> **WHAT THE TASK ASKS**
Pictures found in the material must be left out, and every line returned as written.

> **DATASET EXCERPT**
##############################
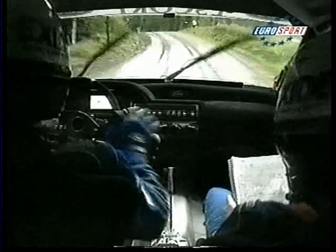50 crest to very very long fast right, opens and tightens the crest, 30 long bad right.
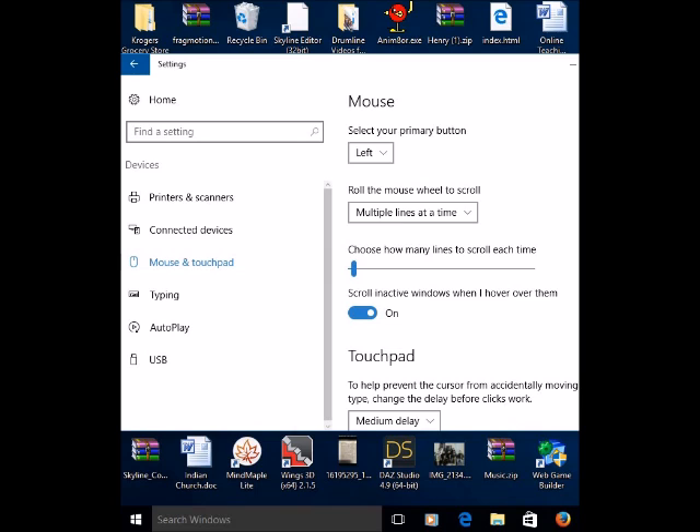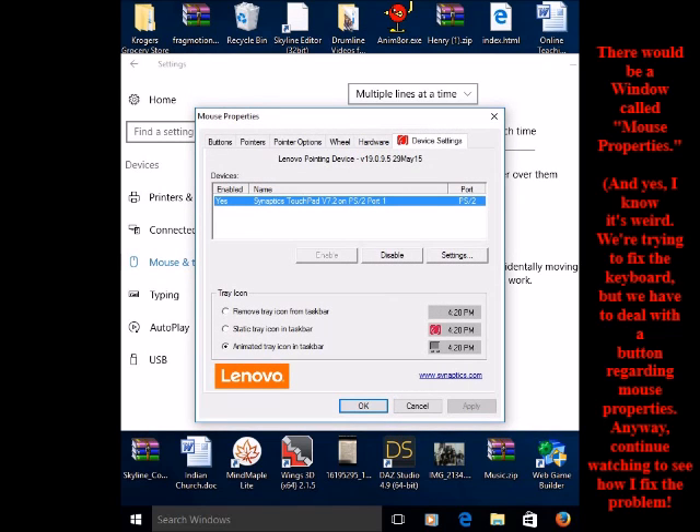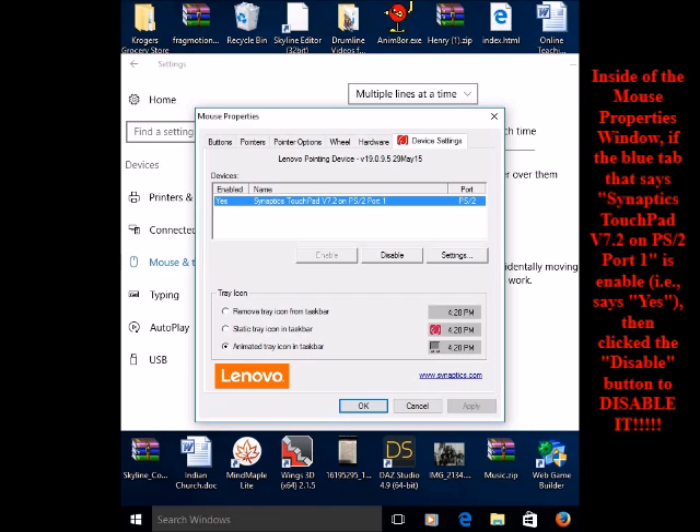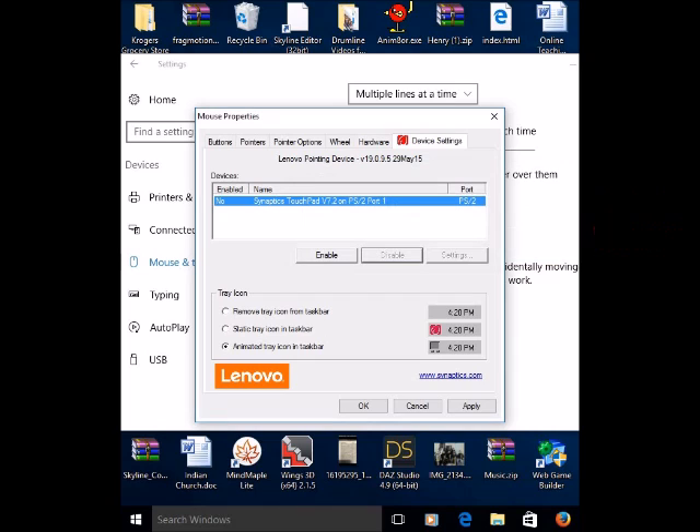You'll see an option called Mouse and Touchpad — click on that. Then scroll down and click on Additional Mouse Options. You'll come up on a window called Mouse Properties. Inside this window you'll see a tab that says Synaptic Touchpad V7.2 on PS/2 Port 1, and you'll see that this is enabled — there's a yes in the box. What you want to do is disable that, so just click on Disable. A confirmation window will pop up — click OK, then click Apply, and then click OK.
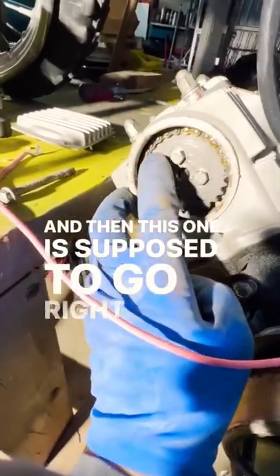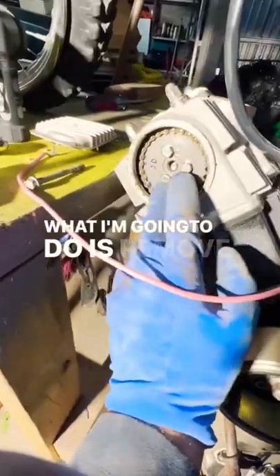The timing is off. This timing mark is supposed to go right there, and then this one is supposed to go right here with these little notches.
##############################
> **RESULT OF THIS EXERCISE**
50 crest to very very long fast right, opens and tightens the crest, 30 long bad right.
You'll see an option called Mouse and Touchpad — click on that. Then scroll down and click on Additional Mouse Options. You'll come up on a window called Mouse Properties. Inside this window you'll see a tab that says Synaptic Touchpad V7.2 on PS/2 Port 1, and you'll see that this is enabled — there's a yes in the box. What you want to do is disable that, so just click on Disable. A confirmation window will pop up — click OK, then click Apply, and then click OK.
The timing is off. This timing mark is supposed to go right there, and then this one is supposed to go right here with these little notches.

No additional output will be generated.